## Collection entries
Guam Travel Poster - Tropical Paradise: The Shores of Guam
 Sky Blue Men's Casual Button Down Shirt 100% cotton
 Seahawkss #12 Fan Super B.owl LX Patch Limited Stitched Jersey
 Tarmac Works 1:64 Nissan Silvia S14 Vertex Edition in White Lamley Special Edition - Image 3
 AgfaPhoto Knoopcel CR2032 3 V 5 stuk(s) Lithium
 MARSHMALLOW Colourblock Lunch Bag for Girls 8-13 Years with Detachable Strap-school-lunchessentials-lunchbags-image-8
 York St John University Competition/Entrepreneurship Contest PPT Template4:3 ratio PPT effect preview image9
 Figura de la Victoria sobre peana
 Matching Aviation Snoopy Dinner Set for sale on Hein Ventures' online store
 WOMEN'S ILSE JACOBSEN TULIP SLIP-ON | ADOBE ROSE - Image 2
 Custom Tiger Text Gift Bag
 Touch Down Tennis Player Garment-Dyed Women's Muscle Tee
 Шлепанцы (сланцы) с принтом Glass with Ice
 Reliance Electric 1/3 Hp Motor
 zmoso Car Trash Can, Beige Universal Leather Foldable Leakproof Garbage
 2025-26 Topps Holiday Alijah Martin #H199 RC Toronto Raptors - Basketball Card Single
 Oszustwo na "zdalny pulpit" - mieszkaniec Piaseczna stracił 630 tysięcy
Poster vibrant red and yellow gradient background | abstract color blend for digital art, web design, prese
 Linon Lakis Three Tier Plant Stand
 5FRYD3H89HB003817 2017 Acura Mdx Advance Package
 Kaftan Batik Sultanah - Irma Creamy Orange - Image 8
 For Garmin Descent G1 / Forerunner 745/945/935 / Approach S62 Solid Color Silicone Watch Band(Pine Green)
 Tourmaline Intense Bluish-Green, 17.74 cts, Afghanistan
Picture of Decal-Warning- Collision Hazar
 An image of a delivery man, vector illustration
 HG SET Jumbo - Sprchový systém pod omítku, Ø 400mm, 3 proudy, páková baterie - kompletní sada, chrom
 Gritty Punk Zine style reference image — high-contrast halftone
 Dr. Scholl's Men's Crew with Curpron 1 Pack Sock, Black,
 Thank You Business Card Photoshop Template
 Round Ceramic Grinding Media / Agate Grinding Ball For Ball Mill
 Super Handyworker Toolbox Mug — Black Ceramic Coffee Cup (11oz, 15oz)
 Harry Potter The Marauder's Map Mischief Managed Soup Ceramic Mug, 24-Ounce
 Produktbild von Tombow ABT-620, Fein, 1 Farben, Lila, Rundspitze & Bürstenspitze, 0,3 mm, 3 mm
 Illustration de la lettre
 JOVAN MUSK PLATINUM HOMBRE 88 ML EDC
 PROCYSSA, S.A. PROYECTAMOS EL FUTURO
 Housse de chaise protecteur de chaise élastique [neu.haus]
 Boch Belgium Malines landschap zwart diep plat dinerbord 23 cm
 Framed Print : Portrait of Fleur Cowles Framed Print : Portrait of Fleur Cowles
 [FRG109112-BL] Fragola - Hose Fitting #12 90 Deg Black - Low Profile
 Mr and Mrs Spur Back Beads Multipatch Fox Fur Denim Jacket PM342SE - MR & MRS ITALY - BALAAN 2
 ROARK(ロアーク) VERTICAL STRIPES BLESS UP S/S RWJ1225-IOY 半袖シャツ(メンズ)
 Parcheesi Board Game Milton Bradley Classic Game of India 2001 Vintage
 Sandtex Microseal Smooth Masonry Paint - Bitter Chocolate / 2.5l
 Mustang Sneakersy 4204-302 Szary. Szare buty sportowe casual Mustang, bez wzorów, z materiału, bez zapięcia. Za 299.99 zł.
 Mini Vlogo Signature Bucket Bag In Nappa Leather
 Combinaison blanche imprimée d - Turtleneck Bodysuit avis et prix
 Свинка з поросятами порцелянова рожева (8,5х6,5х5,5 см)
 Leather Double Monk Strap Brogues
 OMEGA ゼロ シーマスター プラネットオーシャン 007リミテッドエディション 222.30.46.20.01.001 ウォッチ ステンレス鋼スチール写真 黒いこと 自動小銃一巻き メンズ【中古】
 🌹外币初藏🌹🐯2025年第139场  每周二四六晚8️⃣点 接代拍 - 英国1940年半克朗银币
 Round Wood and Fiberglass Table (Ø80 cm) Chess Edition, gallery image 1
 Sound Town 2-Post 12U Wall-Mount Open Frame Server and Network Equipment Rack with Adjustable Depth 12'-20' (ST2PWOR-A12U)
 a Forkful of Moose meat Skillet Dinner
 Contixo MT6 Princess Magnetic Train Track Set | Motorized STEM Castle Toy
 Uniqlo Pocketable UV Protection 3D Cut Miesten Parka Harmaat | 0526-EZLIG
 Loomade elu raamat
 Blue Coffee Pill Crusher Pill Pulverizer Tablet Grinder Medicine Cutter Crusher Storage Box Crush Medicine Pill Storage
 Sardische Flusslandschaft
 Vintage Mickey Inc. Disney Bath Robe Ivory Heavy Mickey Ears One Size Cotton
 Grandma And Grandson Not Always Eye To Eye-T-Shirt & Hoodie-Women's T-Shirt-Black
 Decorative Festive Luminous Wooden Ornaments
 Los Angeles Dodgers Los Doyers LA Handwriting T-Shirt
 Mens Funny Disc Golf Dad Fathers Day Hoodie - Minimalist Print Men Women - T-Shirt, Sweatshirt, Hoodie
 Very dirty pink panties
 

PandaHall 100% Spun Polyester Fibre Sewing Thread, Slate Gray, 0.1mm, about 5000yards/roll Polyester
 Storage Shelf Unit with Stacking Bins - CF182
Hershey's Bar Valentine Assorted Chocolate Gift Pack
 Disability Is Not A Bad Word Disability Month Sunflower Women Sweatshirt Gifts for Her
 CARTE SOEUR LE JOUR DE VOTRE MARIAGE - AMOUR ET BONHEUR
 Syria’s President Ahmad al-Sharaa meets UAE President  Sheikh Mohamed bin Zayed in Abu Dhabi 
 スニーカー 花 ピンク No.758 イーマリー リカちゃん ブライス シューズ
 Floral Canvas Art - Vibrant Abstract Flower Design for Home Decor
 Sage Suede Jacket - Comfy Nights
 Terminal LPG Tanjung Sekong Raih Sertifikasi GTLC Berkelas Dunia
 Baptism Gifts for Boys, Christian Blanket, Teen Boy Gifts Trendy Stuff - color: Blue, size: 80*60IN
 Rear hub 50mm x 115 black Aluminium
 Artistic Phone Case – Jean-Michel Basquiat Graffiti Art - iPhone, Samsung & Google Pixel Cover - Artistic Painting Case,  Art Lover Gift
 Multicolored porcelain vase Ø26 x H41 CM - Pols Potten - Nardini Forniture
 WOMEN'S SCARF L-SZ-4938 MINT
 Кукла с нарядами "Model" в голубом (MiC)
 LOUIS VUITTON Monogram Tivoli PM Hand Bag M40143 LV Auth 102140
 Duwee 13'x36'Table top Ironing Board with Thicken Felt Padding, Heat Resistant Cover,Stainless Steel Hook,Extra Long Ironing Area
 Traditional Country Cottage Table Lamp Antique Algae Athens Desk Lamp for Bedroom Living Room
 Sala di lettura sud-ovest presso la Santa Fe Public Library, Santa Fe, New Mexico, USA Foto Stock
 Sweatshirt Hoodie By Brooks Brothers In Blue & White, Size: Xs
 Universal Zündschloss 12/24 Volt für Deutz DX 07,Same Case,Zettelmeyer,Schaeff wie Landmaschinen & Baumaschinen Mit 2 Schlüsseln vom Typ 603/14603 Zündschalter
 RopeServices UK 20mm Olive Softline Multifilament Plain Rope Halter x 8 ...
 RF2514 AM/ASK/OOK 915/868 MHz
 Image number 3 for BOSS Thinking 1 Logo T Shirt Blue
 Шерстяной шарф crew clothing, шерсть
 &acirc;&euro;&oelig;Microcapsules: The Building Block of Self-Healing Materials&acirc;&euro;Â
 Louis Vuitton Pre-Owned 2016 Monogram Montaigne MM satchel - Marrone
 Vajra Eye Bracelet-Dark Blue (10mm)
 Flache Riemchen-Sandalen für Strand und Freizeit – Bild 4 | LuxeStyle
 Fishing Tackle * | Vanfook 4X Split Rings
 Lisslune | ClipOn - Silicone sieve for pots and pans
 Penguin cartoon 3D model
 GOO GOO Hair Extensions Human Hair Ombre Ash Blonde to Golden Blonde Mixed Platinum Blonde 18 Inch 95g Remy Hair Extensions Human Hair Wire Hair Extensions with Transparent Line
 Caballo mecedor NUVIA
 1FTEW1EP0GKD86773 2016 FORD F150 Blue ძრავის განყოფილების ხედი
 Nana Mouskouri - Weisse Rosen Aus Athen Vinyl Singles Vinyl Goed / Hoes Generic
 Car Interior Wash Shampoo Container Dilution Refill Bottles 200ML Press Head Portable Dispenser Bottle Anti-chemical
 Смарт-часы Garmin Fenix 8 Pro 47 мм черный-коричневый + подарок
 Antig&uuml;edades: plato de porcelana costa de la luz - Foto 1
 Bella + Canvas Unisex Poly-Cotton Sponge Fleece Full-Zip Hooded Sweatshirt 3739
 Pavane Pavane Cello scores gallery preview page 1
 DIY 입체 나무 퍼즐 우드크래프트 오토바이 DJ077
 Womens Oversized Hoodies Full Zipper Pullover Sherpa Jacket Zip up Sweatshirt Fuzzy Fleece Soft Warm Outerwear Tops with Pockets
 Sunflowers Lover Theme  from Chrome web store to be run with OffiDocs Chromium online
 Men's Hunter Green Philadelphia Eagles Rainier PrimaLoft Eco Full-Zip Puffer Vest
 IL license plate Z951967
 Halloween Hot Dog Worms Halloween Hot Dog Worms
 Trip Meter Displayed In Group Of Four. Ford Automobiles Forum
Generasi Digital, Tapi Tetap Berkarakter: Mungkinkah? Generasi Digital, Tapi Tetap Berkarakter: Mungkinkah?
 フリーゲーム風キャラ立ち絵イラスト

## PROBLEM STATEMENT
Above are the records. Copy the lines beginning at the one that has "Framed Print : Portrait of Fleur Cowles Framed" and ending with the one that has "Mini Vlogo Signature", unchanged.

## ANSWER BOX
 Framed Print : Portrait of Fleur Cowles Framed Print : Portrait of Fleur Cowles
 [FRG109112-BL] Fragola - Hose Fitting #12 90 Deg Black - Low Profile
 Mr and Mrs Spur Back Beads Multipatch Fox Fur Denim Jacket PM342SE - MR & MRS ITALY - BALAAN 2
 ROARK(ロアーク) VERTICAL STRIPES BLESS UP S/S RWJ1225-IOY 半袖シャツ(メンズ)
 Parcheesi Board Game Milton Bradley Classic Game of India 2001 Vintage
 Sandtex Microseal Smooth Masonry Paint - Bitter Chocolate / 2.5l
 Mustang Sneakersy 4204-302 Szary. Szare buty sportowe casual Mustang, bez wzorów, z materiału, bez zapięcia. Za 299.99 zł.
 Mini Vlogo Signature Bucket Bag In Nappa Leather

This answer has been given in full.